■ **ENTRIES SHOWN**

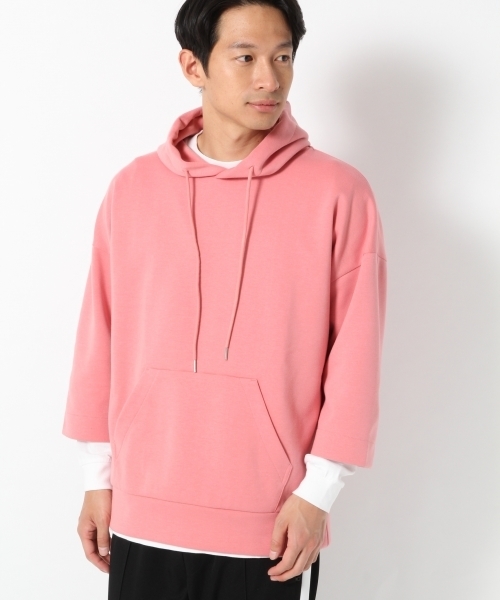 GLOBAL WORK（グローバルワーク）の「ポンチプルオーバーパーカー7分袖/757319 （パーカー・メンズ・イエロー/ライトピンク/グリーン・SMALL/MEDIUM/X-LARGE/LARGE）」の3枚目の写真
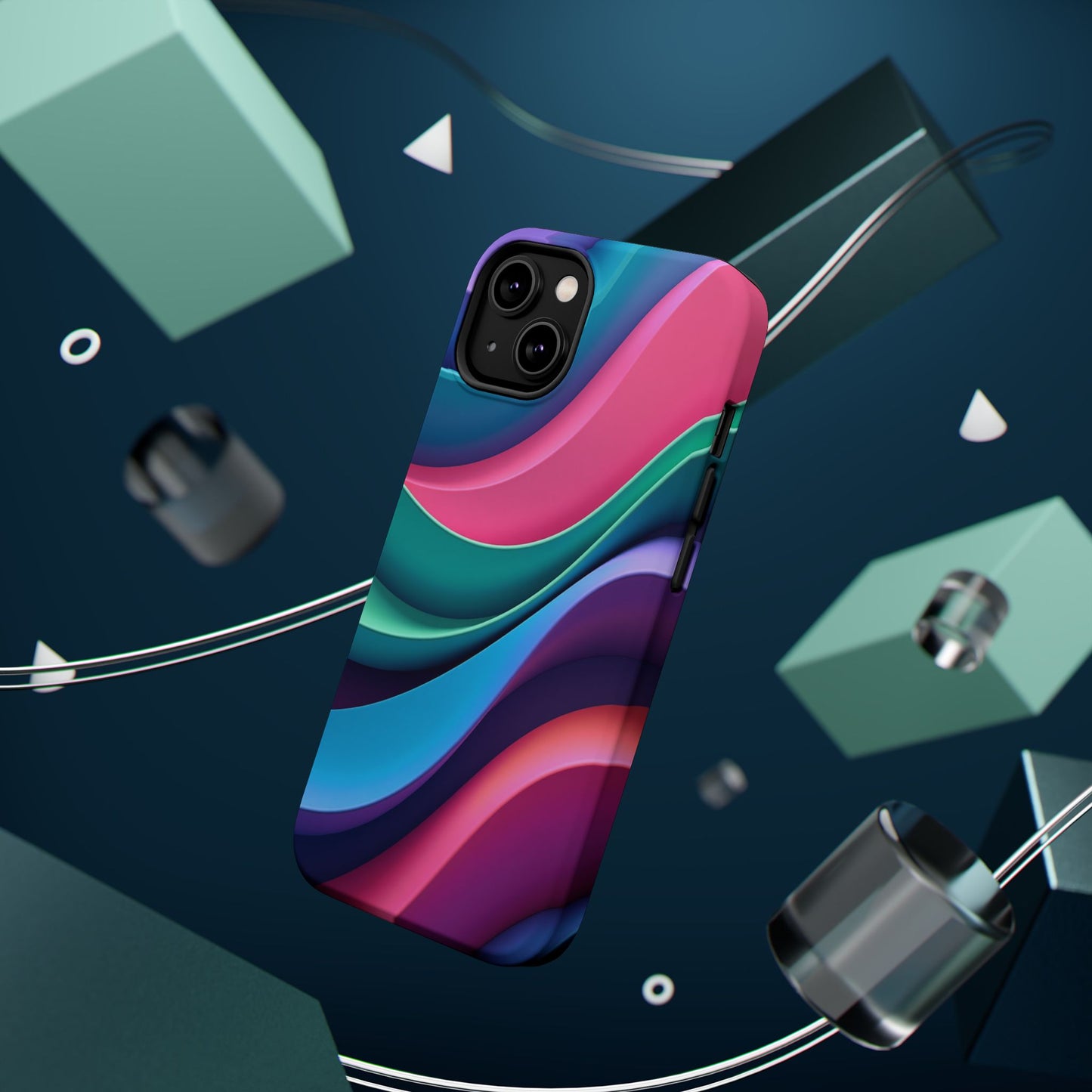 Aesthetic Wave Phone Case - Colorful iPhone Case, Ocean Gift Idea, Trendy Summer Accessory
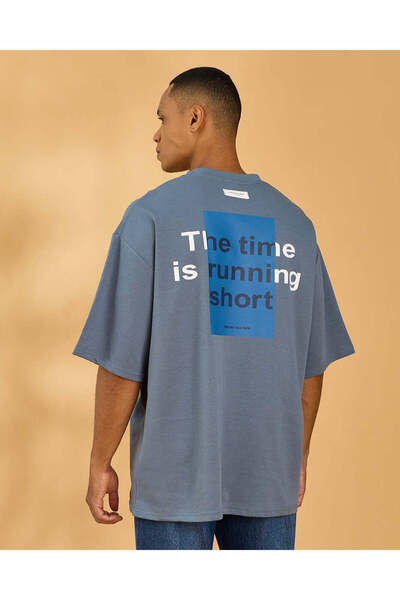 REDTAG Men Blue Back Printed T Shirt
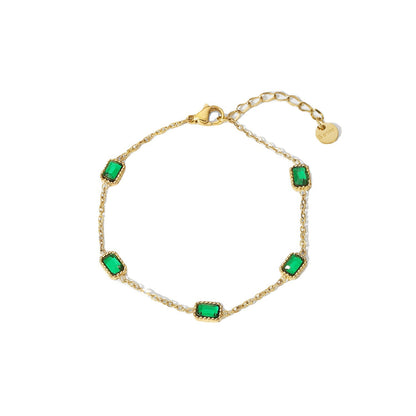 Rectangle Shape Green Crystal Chain Bracelet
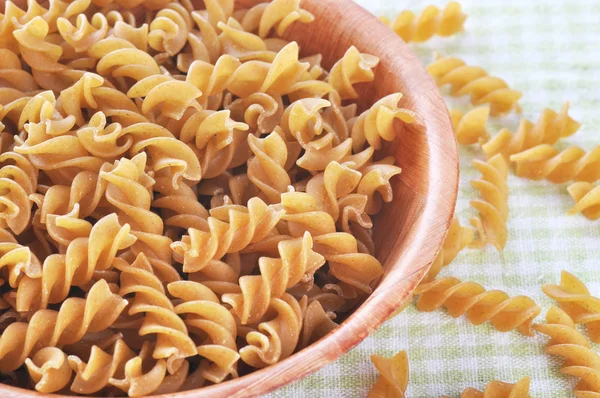 Wholemeal fusilli italian pasta — Stock Photo, Image
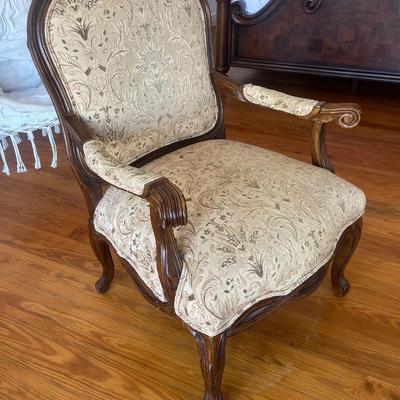 Sale Photo Thumbnail #186: Pair of 20th C. upholstered armchairs; approx. 20" (seat) x 27" x 27", 42" H back; wear and losses to legs from use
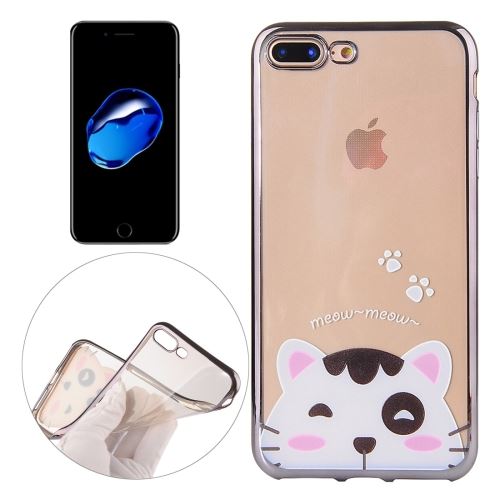 iPhone 8 Plus Coque Protection TPU Chat Electroplating ALS43606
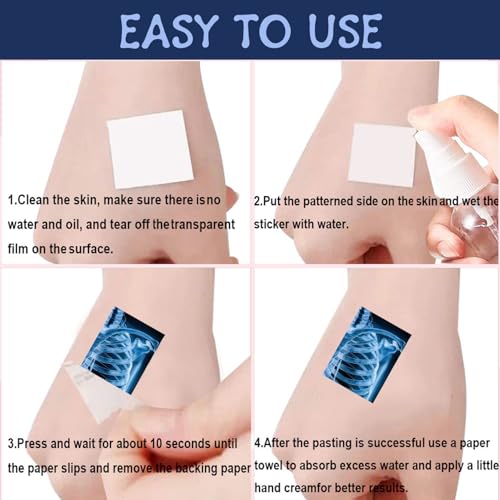 X Ray Temporary Tattoo Stickers - 24 Sheets Radiology Party Favors
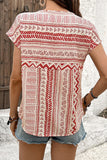 Geometric Print Keyhole T-Shirt
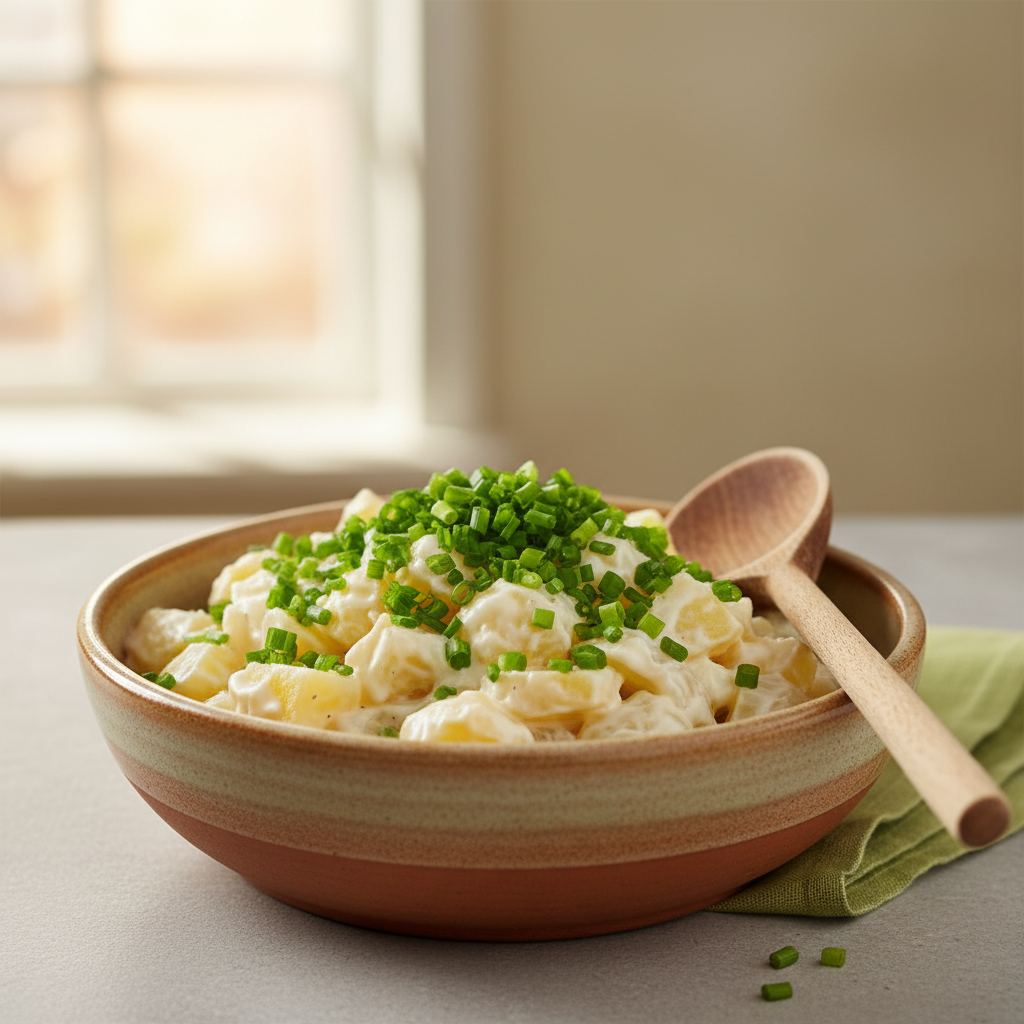Nahaufnahme einer Keramikschale mit Kartoffelsalat, garniert mit Schnittlauch und Holzlöffel vor #dbdbcf Hintergrund, minimalistisches, warmes Styling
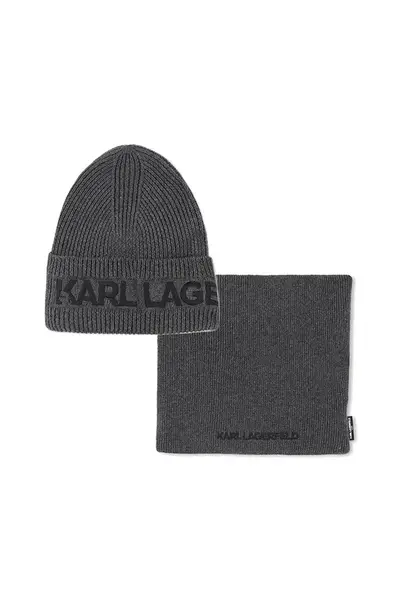 Dětská čepice a nákrčník z bavlny Karl Lagerfeld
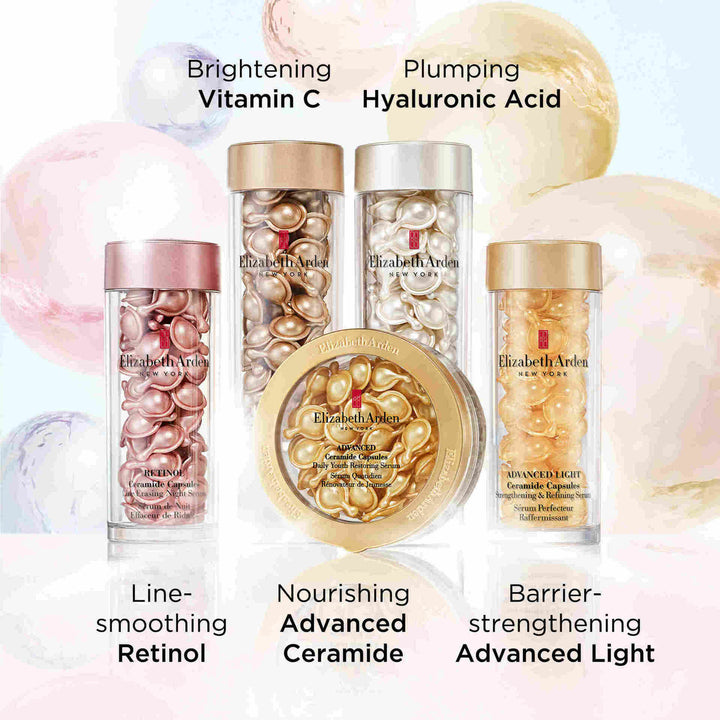 Ceramide Capsule Collection- Line-smoothing retinol, brightening vitamin C, plumping hyaluronic acid, nourishing advanced ceramide and barrier-strengthening advanced light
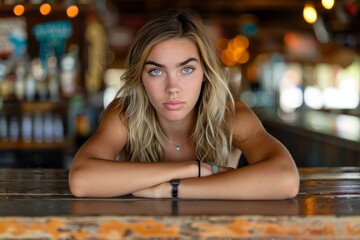 Fototapeta premium Graceful woman in warm hues at a caf , anticipating a romantic meeting in gentle evening glow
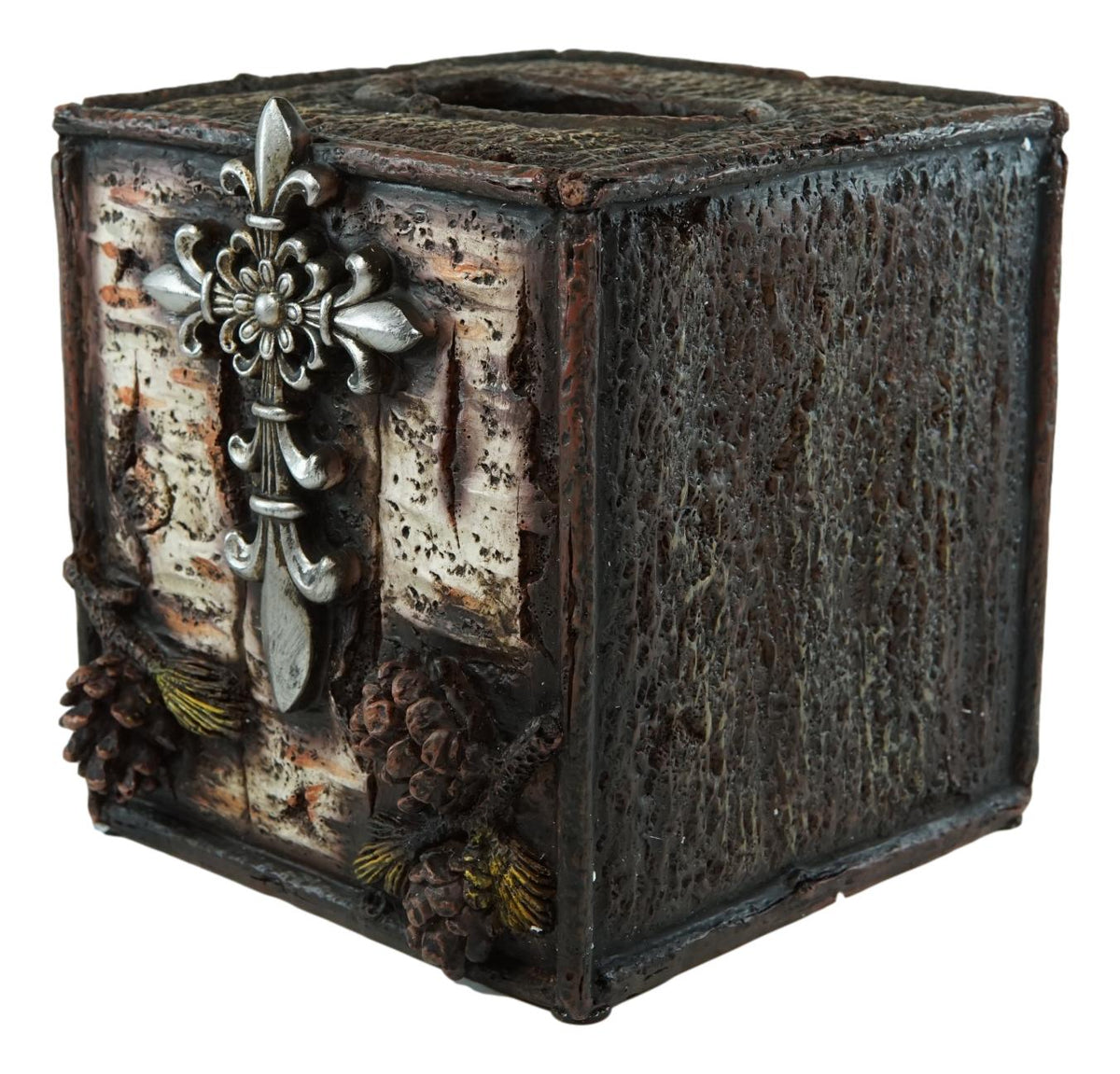 Rustic Southwestern Le Fleur Cross W/ Birch And Pinecones Tissue Box Holder Case - Ebros Gift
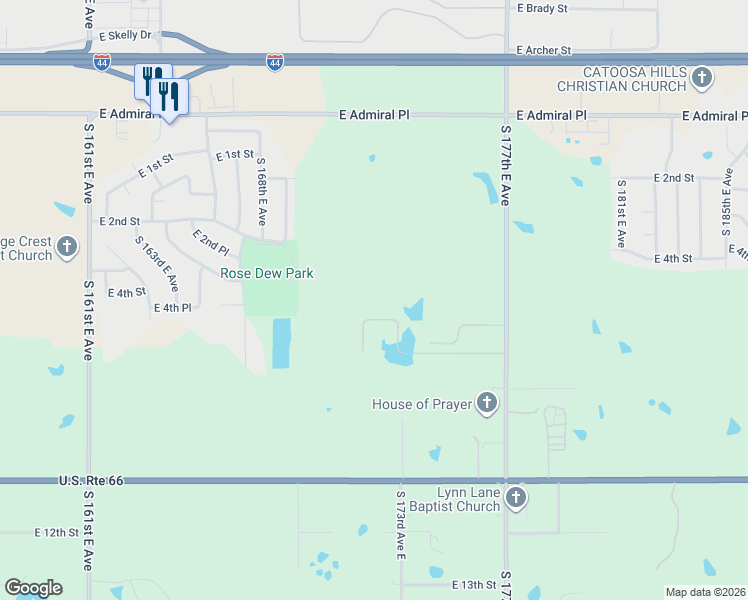 map of restaurants, bars, coffee shops, grocery stores, and more near 728 South Lynn Lane Road in Tulsa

■ **WORK ORDER**
Please write out the lines above exactly, from the one that contains "Rustic Southwestern Le" through the final line, and include none of the pictures.

■ **EXPECTED ANSWER**
 Rustic Southwestern Le Fleur Cross W/ Birch And Pinecones Tissue Box Holder Case - Ebros Gift
 map of restaurants, bars, coffee shops, grocery stores, and more near 728 South Lynn Lane Road in Tulsa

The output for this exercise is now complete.